Jeff Neal for C.U.R.E. - Certain Unalienable Rights Endowment

What should we teach poor kids? Let’s try teaching them what is FREEDOM.

In Opinion on December 4, 2011 at 2:05 pm

Newt Gingrich has taken a lot of heat for suggesting that we pay [poor] kids to work, some at their schools as janitors.  Some critics have used the occasion to remind us that some years ago Mr. Gingrich suggested that some orphanages would be better places to raise some children than were some really bad homes where the parent (singular) is doing a lousy job.

Some of the criticism is based on the (intentional?) mis-characterization of his comments.  He didn’t criticize the ‘working poor’ and he didn’t say that all orphanages would be better than all poor households.  He said some things that are more nuanced than that.  (Why was ‘nuance’ a good thing in describing John Kerry vis-a-vis George W Bush, but is not in anyone’s vocabulary when they discuss complicated policy questions that are raised by some of Mr. Gingrich’s statements?)

Query: In the case of the orphanage, which would Mr. Gingrich’s critics prefer – lousy parents or good orphanage?

More importantly and on the topic that requires a little more nuance-ing, consider this:

There are two variables in Mr. Gingrich’s hypothetical situation surrounding poor kids.  One is WORK vs. NO WORK and the other is PAY vs. NO PAY.  Those variables taken two at a time produce four scenarios that are not meaningless (i.e. choosing NO WORK & WORK is not a scenario that makes sense).

The four scenarios are:

1.  Pay the poor for work.

2.  Do NOT pay the poor for work.

3.  Pay the poor for NOT working.

4.  Do NOT pay the poor for NOT working.

Let’s look at these in reverse order.

Option 4 is reasonable, but not likely to change much in poor communities by itself.

Option 3 looks a lot like the current “War on Poverty” which has been very expensive yet not very helpful, or else we probably wouldn’t be having the debate, right?

Option 2 is immoral, illegal and downright disgusting if you ask me (unless you’re attending Brentwood Academy – see below).

And, Option 1 is essentially the Gingrich recommendation that has generated so much criticism.  Which of the other three are his critics silently supporting?  If they can’t be in favor of #1, what do they prefer instead?  I can’t combine the variables in any other rational two-some, can you?  Makes me wonder what their objection is – Mr. Gingrich’s presence on the stage or his idea?

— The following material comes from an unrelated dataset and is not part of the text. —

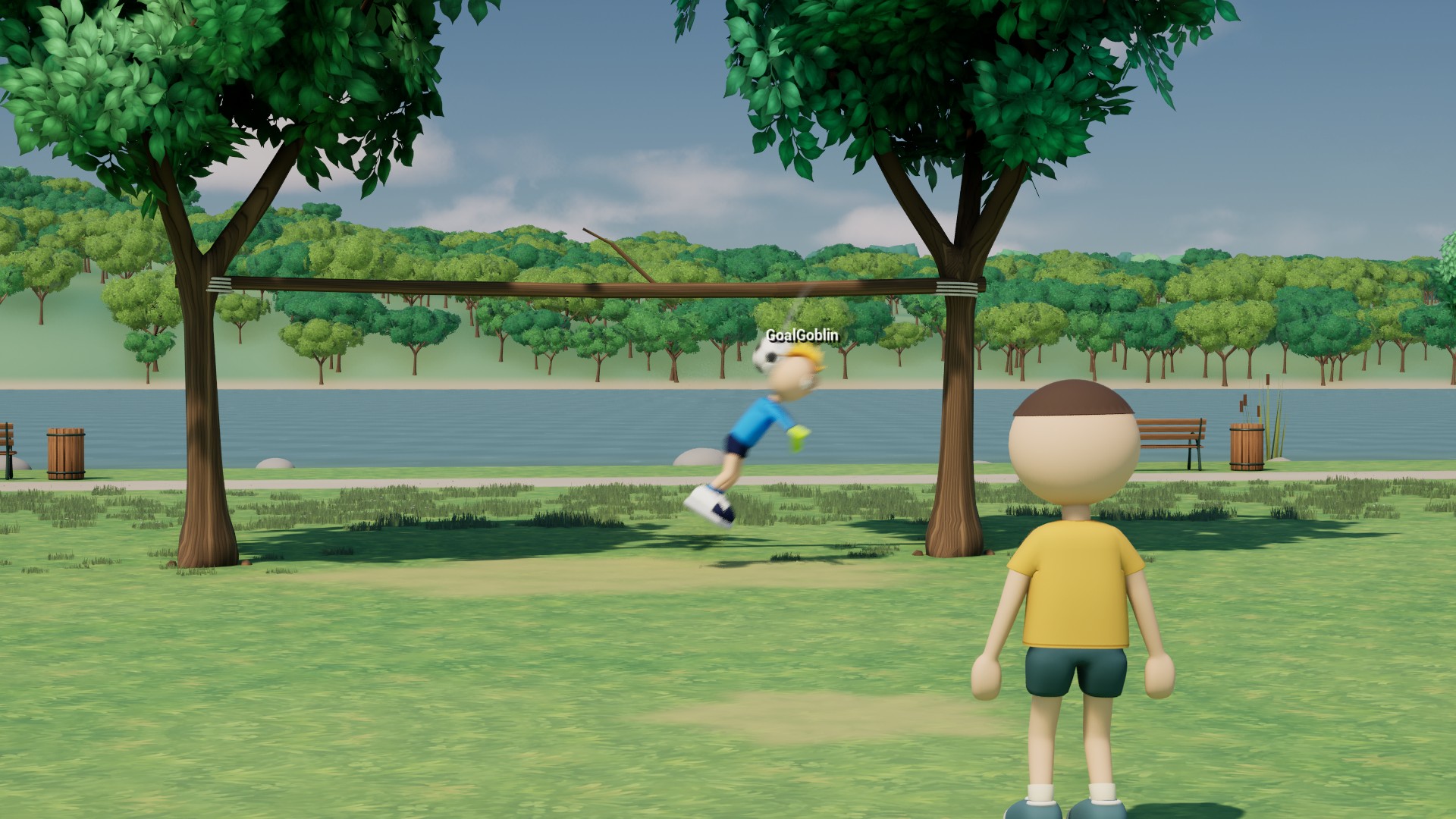The goalkeeper dives as a shot flies towards a goal between the park trees.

And, if you’ll bear with me so I may be complete, I’ll address the “Yeah, but Newt said the kids should be janitors.  How insulting!”

First, why is it insulting to learn a little bit of work ethic in the role of janitor.  As a practical matter, what else would the critics propose – the NO work, NO PAY option, or do those critics want the kids to sit in for the principal, or maybe head football coach?

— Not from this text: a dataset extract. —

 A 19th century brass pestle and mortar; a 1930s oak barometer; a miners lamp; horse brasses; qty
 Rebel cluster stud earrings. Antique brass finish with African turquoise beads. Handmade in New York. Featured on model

Second, a biographical point.  From 1975-1981, grades 7-12, I attended a prep school in Nashville, Tennessee – link here > (Brentwood Academy).  Tuition at BA for the 2011-2012 academic year is $18,100.  It ain’t cheap (Thank you, Dad!).  For the last 20 minutes of EVERY school day all 350 of us reported to various rooms or wings for clean-up period.  There were no janitors.  NONE.  Punishment for infractions of school rules that were not punishable by expulsion was attendance at “Saturday School” during which major projects – scrubbing all the garbage cans or cleaning the football stadium after Friday night’s game – were completed.  That bunch of (mostly) rich kids were taught that only they could keep their school clean.

YES, our parents PAID our school a lot of money to enforce the “do NOT pay the [kids] for WORK” option.  Damn, at least Newt Gingrich isn’t that evil!  And, the place was spotless, by the way.

Let’s teach poor kids the same thing those rich kids at Brentwood Academy were (are?) taught.

At BA, we were taught that nothing is free, work is part of, indeed the essence of, living and WE are free to make our lives better or worse.

And, we learned, most importantly, no one else can make your life better or worse unless you let him own you.


  1. My parents were teachers. They sent me to Brentwood Academy. 30 years later the couple of dozen of employees under my supervision have seen me pick up a broom, empty trash and even seen my do emergency plumbing cleanups. It has beena great example to other employees. No only did I learn about cleaning, I learned about keeping things clean. When your job for a six week period has been to clean toilets and stalls in the bathroom. You make sure that people dont misuse those facilities. Americans need to learn again resposibility that cleaning and work in general creates. Paying people to work that is a novel idea. Most everybody can do something. Let them. No more money for nothing. It is a mistake to do that to our children and to our friends and neighbors.